Some bases in the reads differ from the reference genome due to several reasons like sequencing errors, polymorphism, etc. We have to take into account these inevitable differences in both of the two problems (alignment and assembly). 



## Focus 1: Read *Alignment*

### Exact matching

![Exact matching algorithms](https://freeimghost.net/images/2025/04/30/Screenshot-2025-05-01-at-08.41.07.png)

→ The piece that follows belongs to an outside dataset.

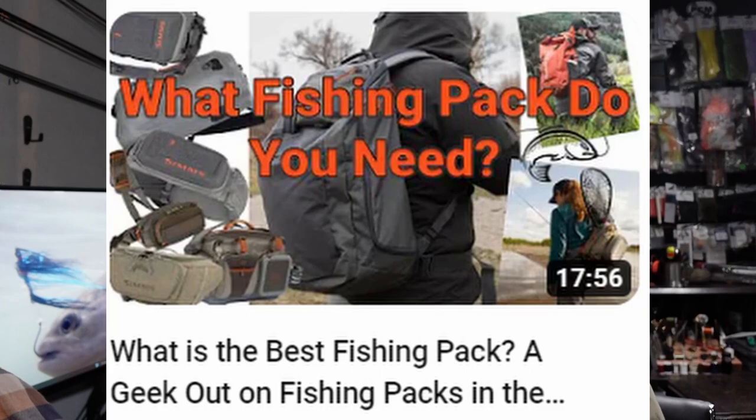Hey folks, Matt Sharp here with another Pacific Angler video. If you missed it, a couple weeks back we released a video on what is going to be my pack for 2023. I took a deep dive — I looked at all the packs I've used over the years, where they have really good use cases and where I didn't like them. Spoiler alert: I've chosen the Freestone Backpack for 2023, and yes, I'm joining Team Backpack.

#### Naive exact matching 

A preliminary idea for dealing with such task. Simply consists of two nested loops, a loop that iterates over possible alignments and then a loop that iterates over character comparisons, both searched from *left to right*. We're just trying every possible offset and checking whether P ('pattern', eg. short read) matches T ('text', eg. full genome) at that offset; if characters on the corresponding position mismatch, the inner loop `break`s.

#### Boyer-Moore

For a given alignment (also aligned in left-to-right order), we will do the **character comparisons** but **starting from the right-hand side** and comparing each character to see whether they mismatch. 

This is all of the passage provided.